**PROMPT:**
Word for word, repeat the data that follows. Do not include the pictures.

**DATA EXCERPT:**
-*-

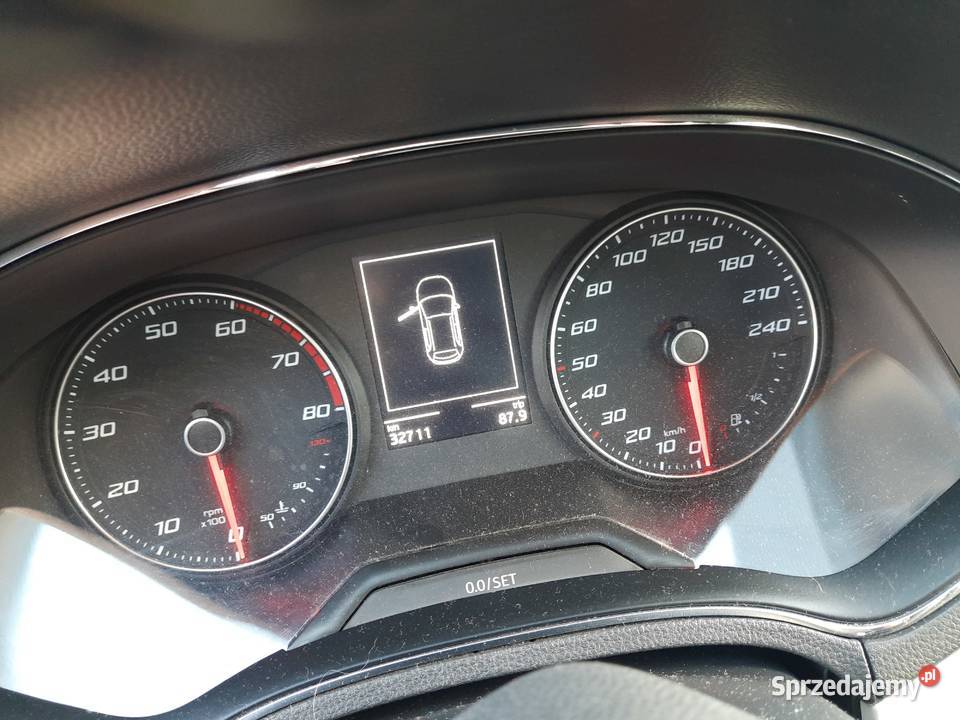 Seat Arona Xcellence 10 TSI 95 salon Polska mały sprzedam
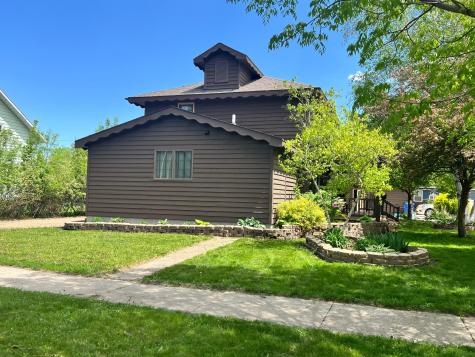 806 1st Avenue Madison MN 56256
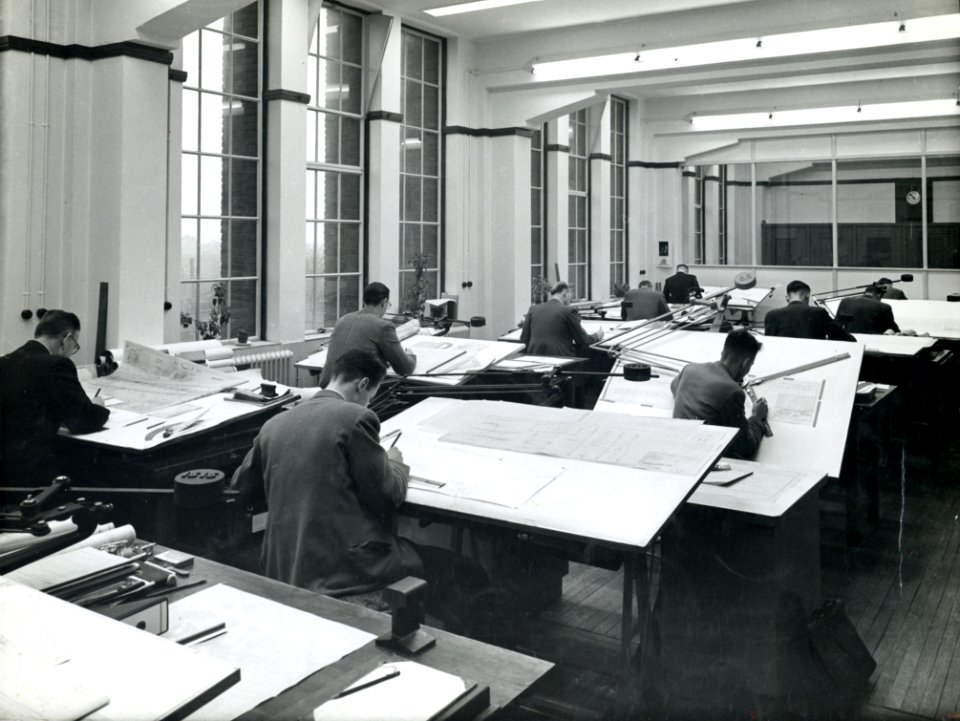 HUA-164154-Interieur van het 3e Administratiegebouw van de Nederlandse Spoorwegen (HGB III, Moreelsepark)- tekenkamer van de afdeling Mw 4 (Materieel & Werkplaatsen)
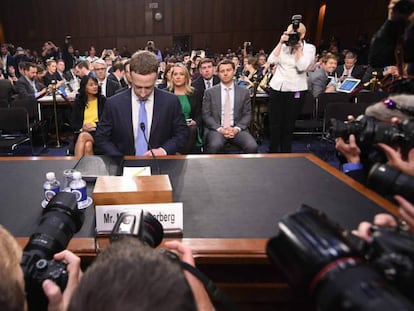 Mark Zuckerberg, presidente ejecutivo de Facebook, a punto de testificar en el Senado de Estados Unidos el pasado mes de abril.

-*-

**WRITTEN ANSWER:**
 Seat Arona Xcellence 10 TSI 95 salon Polska mały sprzedam
 806 1st Avenue Madison MN 56256
 HUA-164154-Interieur van het 3e Administratiegebouw van de Nederlandse Spoorwegen (HGB III, Moreelsepark)- tekenkamer van de afdeling Mw 4 (Materieel & Werkplaatsen)
 Mark Zuckerberg, presidente ejecutivo de Facebook, a punto de testificar en el Senado de Estados Unidos el pasado mes de abril.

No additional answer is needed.